**Task prompt:**
Omitting all pictures, print the lines of the listing from the one containing "Karl Helmut ×" through the final line, both ends included, with no other text.

**Records provided:**

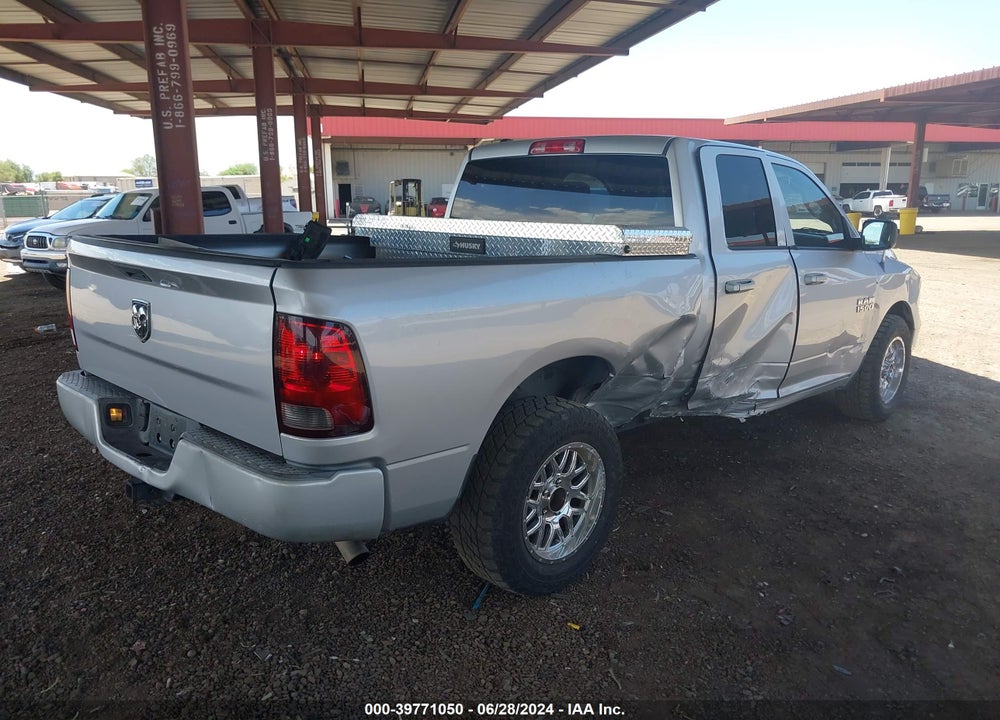 2013 RAM 1500 TRADESMAN VIN: 1C6RR6FP6DS538157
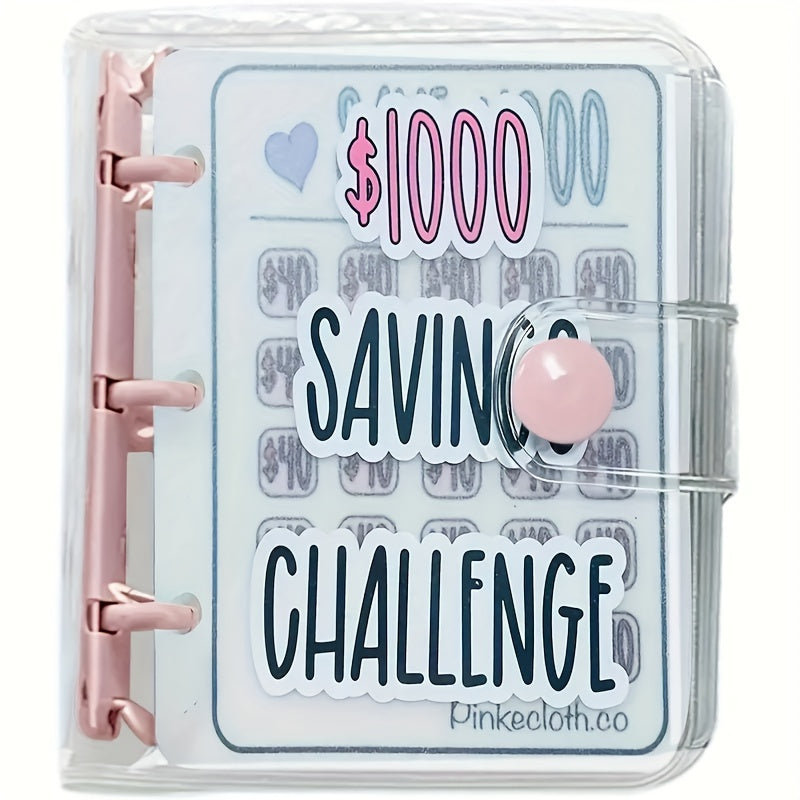 Savings Challenge Binder Envelope Budget Mini Cash Envelopes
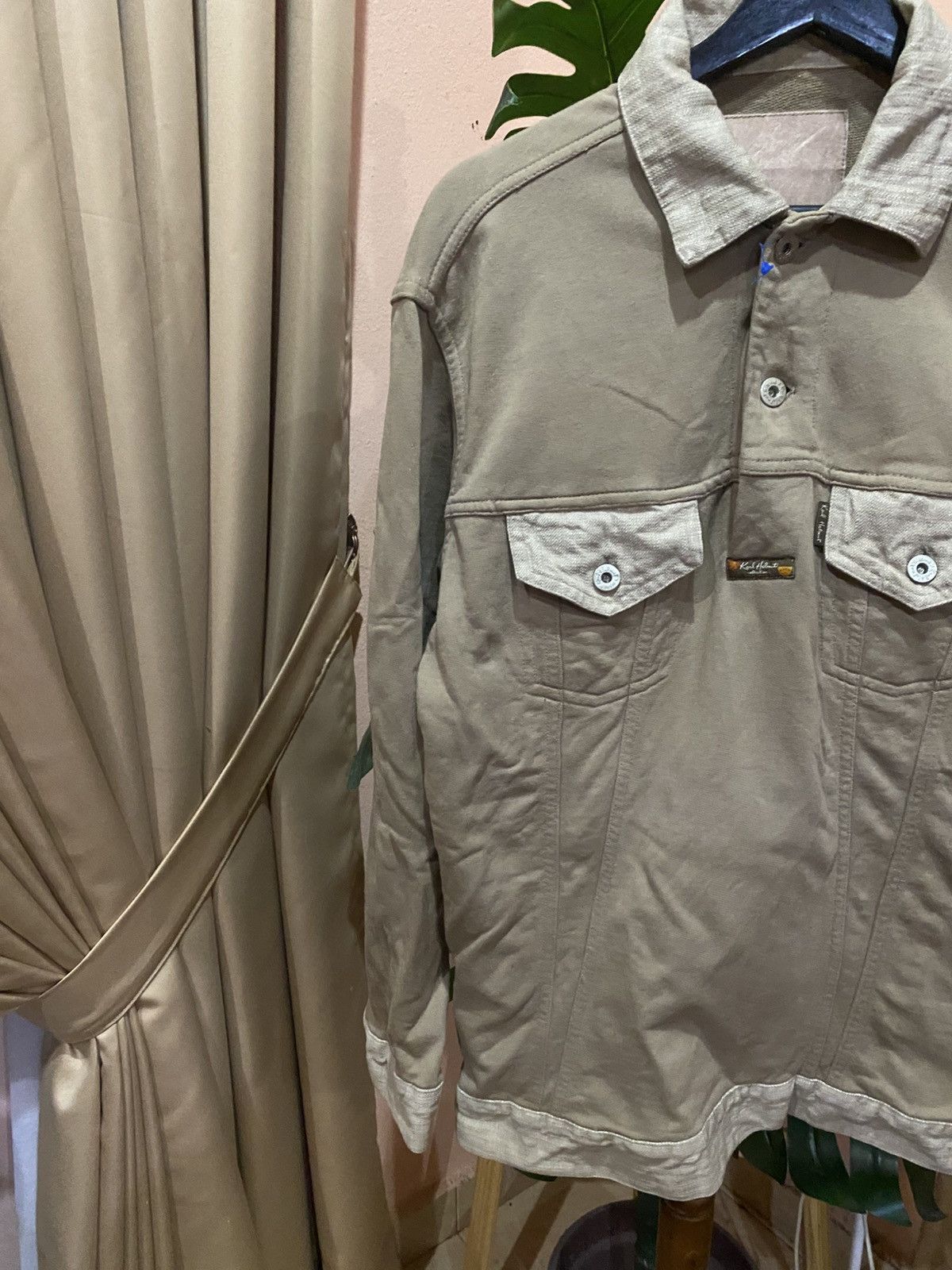 Karl Helmut × Pink House Karl Helmut x Pink House Japan Beige Utility Work Jacket Size US M / EU 48-50 / 2 - 5 Thumbnail
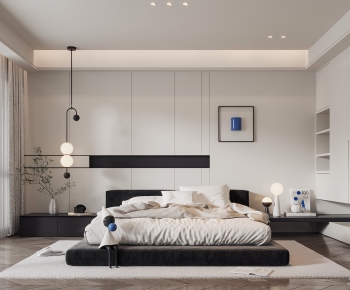 Modern Bedroom-ID:347234011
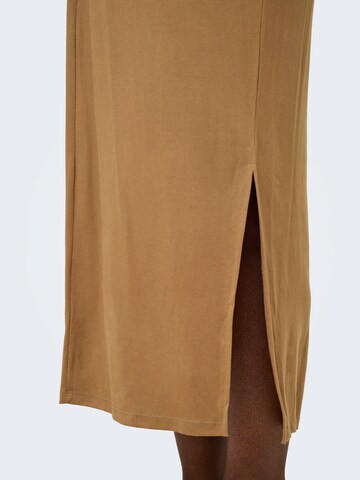 ONLY Carmakoma Dress 'CARNICKY' in Brown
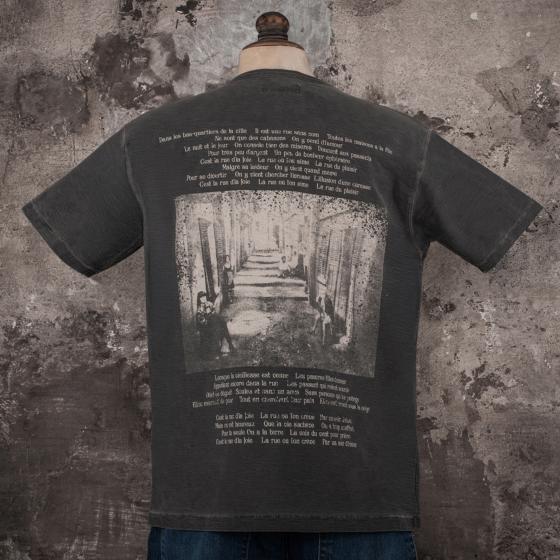 LE TRICOT "LA RUE D'LA JOIE" OLD BLACK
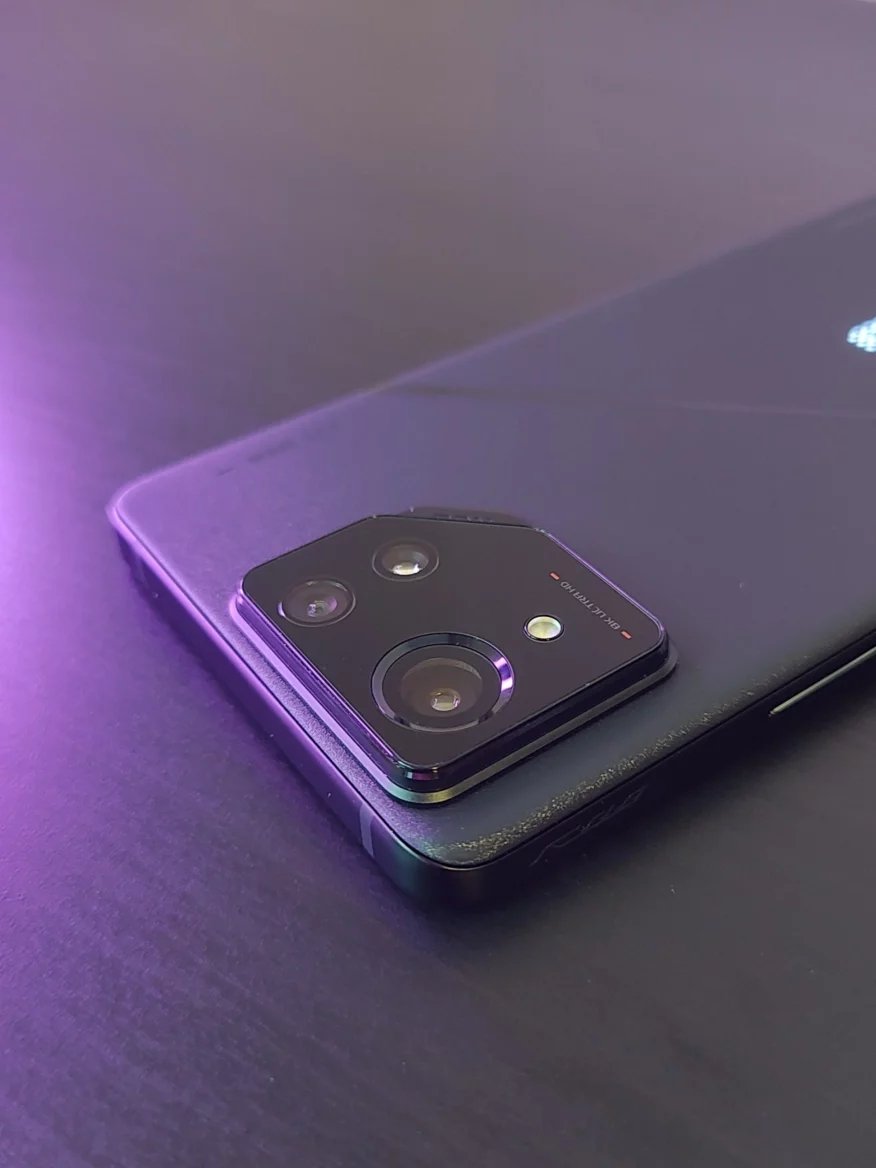 Detail na modul fotoaparátu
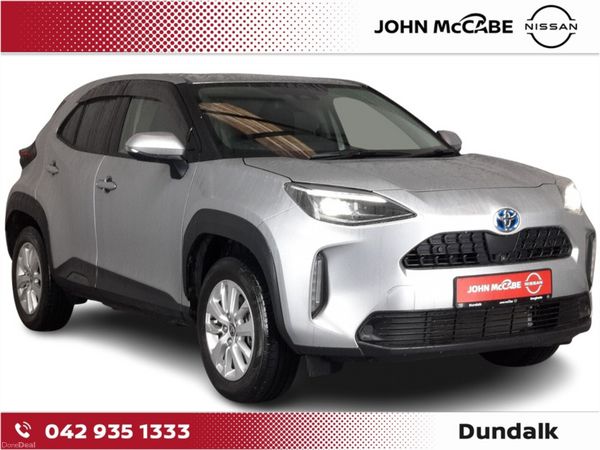 Toyota Yaris Cross MPV, Petrol Hybrid, 2021, Silver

**Exercise response:**
 Karl Helmut × Pink House Karl Helmut x Pink House Japan Beige Utility Work Jacket Size US M / EU 48-50 / 2 - 5 Thumbnail
 Modern Bedroom-ID:347234011
 ONLY Carmakoma Dress 'CARNICKY' in Brown
 LE TRICOT "LA RUE D'LA JOIE" OLD BLACK
 Detail na modul fotoaparátu
 Toyota Yaris Cross MPV, Petrol Hybrid, 2021, Silver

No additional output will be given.